■ AIM OF THE TASK: Pictures do not belong in your copy. Repeat all the other data exactly.

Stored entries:
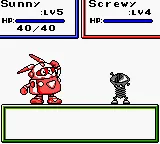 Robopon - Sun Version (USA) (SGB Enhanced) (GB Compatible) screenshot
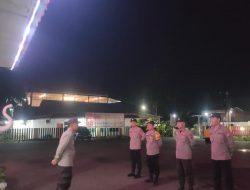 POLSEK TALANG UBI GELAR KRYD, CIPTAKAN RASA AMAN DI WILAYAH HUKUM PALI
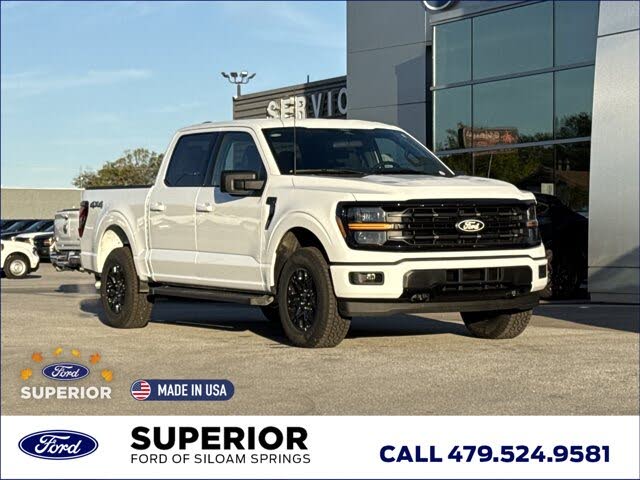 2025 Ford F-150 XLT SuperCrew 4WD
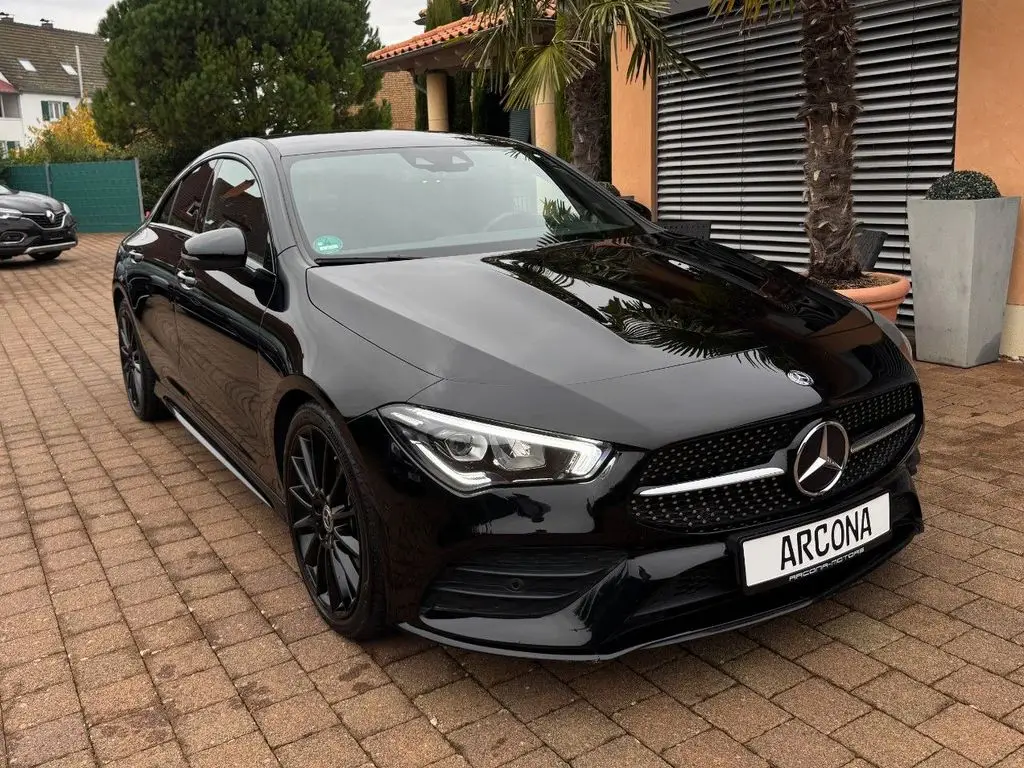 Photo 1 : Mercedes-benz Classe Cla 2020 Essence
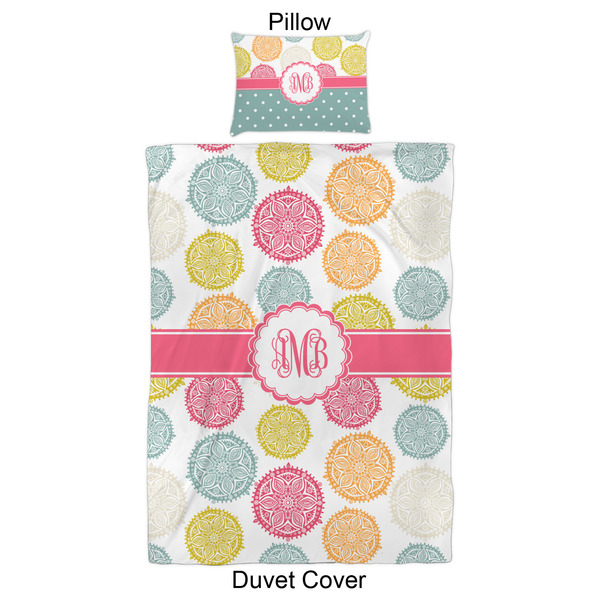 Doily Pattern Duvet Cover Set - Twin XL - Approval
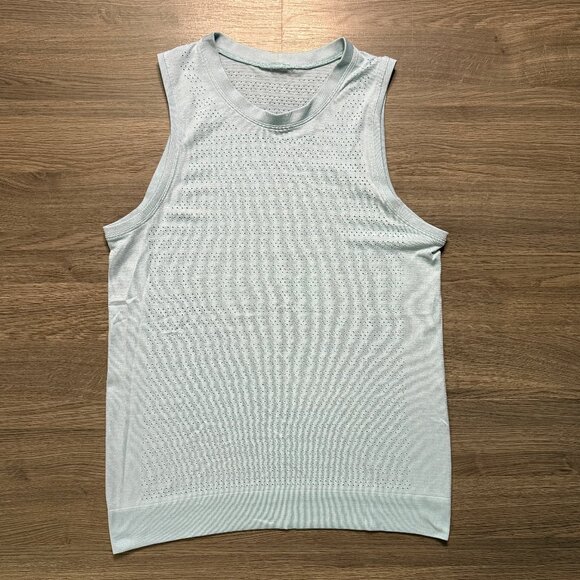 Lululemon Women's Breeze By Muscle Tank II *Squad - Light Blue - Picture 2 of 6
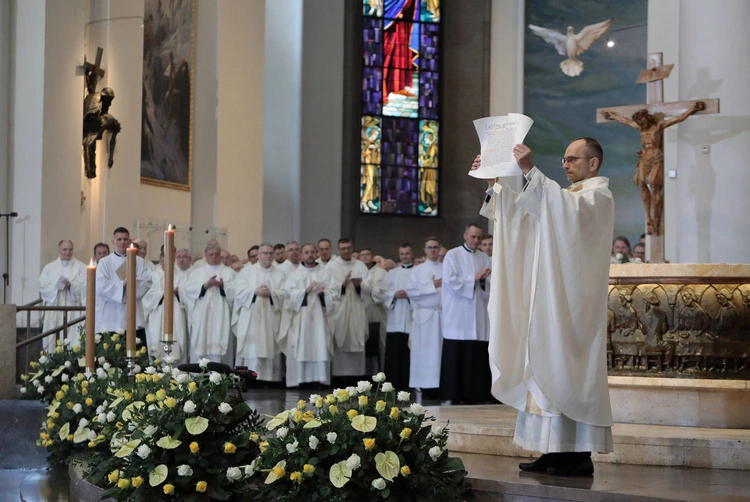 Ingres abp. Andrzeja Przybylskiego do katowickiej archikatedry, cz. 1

■ REPLY TO THE EXERCISE:
 Robopon - Sun Version (USA) (SGB Enhanced) (GB Compatible) screenshot
 POLSEK TALANG UBI GELAR KRYD, CIPTAKAN RASA AMAN DI WILAYAH HUKUM PALI
 2025 Ford F-150 XLT SuperCrew 4WD
 Photo 1 : Mercedes-benz Classe Cla 2020 Essence
 Doily Pattern Duvet Cover Set - Twin XL - Approval
 Lululemon Women's Breeze By Muscle Tank II *Squad - Light Blue - Picture 2 of 6
 Ingres abp. Andrzeja Przybylskiego do katowickiej archikatedry, cz. 1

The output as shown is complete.